We think some of the most attractive – and most underappreciated – opportunities lie in tackling much more complex, domain-heavy problems. Biotech is one clear example, where companies like Recursion and Enveda are using AI to systematically accelerate drug discovery rather than relying on trial-and-error. In industrial technology and manufacturing, players such as Encube are starting to apply AI to optimise processes, speed up innovation cycles and improve quality in ways that were simply not feasible before. And in energy, companies like Aira illustrate how AI can be used for the energy transition – optimising consumption, managing distributed assets, and enabling new business models around electrification.
What these sectors have in common is that they are data-rich, operationally complex, and often highly regulated. That combination creates both high barriers to entry and the potential for very durable advantages once a company has built the right data assets, models and customer relationships. We believe that’s where a large part of the next wave of AI value will be created – and where the market is still not fully pricing in the long-term potential.
What makes the Nordic and European ecosystem distinctive when it comes to building AI companies?
On the talent side, the Nordics are exceptional. You typically see a combination of very strong technical foundations and a creative, product-oriented mindset. That’s a powerful mix when you’re trying to build AI-native companies that are not just research projects, but real, scaled businesses.
A lot of this comes from deep institutional roots. The region has world-class technical universities – such as DTU, KTH and Aalto – that have spent decades building strength in mathematics, computer science and engineering. Just as importantly, there is now a critical mass of global technology companies with significant AI capabilities in the region: Spotify, Klarna, Novo, Sana, Lovable, among others. These companies act as training grounds where engineers, product leaders and operators learn how to build and deploy AI systems at scale, and then leave to start the next generation of companies.
You also can’t underestimate the role of long-term, forward-looking public policy. The Nordics invested early in universal broadband, computer access and integrating technology into school curricula.
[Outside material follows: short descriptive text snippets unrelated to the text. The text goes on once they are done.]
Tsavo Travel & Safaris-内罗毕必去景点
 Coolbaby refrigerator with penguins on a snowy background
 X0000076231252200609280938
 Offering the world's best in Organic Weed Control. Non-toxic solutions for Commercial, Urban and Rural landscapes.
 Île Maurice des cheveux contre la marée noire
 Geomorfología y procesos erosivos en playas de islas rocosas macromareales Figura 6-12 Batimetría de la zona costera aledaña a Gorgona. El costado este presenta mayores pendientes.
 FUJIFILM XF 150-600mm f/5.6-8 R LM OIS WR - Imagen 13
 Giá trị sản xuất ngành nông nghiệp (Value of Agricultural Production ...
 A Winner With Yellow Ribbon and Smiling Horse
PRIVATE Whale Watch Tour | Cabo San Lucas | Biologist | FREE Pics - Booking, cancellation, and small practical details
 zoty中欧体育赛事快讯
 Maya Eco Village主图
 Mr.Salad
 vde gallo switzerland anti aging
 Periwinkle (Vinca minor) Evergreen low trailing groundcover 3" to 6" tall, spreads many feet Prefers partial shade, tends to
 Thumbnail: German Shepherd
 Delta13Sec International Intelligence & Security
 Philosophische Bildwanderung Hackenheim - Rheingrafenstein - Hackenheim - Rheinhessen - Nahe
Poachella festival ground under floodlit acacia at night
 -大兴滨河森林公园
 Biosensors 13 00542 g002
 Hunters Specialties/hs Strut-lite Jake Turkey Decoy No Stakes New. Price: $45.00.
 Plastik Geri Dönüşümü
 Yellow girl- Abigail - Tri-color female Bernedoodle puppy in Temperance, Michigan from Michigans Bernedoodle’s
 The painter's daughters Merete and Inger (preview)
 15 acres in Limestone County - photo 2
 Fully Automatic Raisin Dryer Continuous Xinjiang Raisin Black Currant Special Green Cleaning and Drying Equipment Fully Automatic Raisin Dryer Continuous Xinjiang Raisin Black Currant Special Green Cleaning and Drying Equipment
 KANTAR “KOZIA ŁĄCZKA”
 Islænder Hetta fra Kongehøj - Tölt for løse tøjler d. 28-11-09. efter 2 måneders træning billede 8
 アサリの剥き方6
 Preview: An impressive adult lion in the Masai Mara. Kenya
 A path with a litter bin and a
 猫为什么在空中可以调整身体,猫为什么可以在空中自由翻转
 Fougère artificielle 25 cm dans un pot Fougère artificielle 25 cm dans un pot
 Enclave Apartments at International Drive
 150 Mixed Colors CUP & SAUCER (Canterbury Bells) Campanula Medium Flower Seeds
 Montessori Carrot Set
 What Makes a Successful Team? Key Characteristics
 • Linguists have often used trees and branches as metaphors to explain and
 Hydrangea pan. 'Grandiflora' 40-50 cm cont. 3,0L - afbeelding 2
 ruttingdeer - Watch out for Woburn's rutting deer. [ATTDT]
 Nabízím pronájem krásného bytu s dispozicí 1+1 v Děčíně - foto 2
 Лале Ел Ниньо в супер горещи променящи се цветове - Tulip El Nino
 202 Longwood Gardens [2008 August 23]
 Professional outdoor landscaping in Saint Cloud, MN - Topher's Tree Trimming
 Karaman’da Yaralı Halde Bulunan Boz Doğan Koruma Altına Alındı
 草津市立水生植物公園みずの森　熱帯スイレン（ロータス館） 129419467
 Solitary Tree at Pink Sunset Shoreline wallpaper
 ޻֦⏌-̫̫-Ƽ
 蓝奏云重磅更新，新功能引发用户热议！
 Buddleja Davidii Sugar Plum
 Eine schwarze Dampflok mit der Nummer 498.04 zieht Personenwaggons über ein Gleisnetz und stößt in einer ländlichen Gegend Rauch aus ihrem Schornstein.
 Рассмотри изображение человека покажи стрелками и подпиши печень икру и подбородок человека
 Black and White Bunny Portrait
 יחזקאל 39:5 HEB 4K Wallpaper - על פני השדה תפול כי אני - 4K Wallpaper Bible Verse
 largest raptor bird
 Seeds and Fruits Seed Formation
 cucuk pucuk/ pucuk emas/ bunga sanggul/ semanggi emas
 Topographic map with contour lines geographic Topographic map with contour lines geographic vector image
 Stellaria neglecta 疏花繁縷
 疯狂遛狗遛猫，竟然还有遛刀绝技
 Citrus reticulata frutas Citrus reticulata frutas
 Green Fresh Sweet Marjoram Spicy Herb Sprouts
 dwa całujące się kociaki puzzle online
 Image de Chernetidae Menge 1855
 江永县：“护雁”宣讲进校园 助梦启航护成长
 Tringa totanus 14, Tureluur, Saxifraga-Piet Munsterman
There’s a great anecdote in that Sebastian Siemiatkowski, Klarna’s CEO, first learned to code through such a government-sponsored programme in Sweden. That type of systemic investment over decades is now paying off in the form of a deep, relatively egalitarian pool of AI talent and founders. Combined with Europe’s strengths around regulation, privacy and trust, it creates a distinctive foundation for building globally competitive AI businesses.
Which misconceptions about AI investing do you think need to be challenged?
The first misconception is the idea that the large model providers will “eat everything” and capture all the economics. We don’t think that’s how it plays out. In many important categories, the quality and usefulness of AI systems depend far more on access to specialised, high-quality data and deep integration into a specific workflow than on marginal differences in the base model. That creates room for very valuable companies at the application and vertical layers – especially where they can build proprietary datasets and embed themselves into mission-critical processes.
The second misconception is that growth at all costs is the only thing that matters. We believe investors should pay just as much attention to defensibility, unit economics and the evolution of industry structure. Infrastructure players will, quite rationally, try to move up the stack over time to capture more margin. At the same time, many companies that look impressive today are effectively thin wrappers around commoditising capabilities, without real moats in data, distribution or product. Those businesses may not be around in a few years.
For us as long-term investors, the key is to distinguish between “AI as a feature,” where competition and pricing pressure will be intense, and AI-native companies that are building durable advantages in data, workflows and customer relationships. That’s where we think sustainable value – and returns for our shareholders – will be created.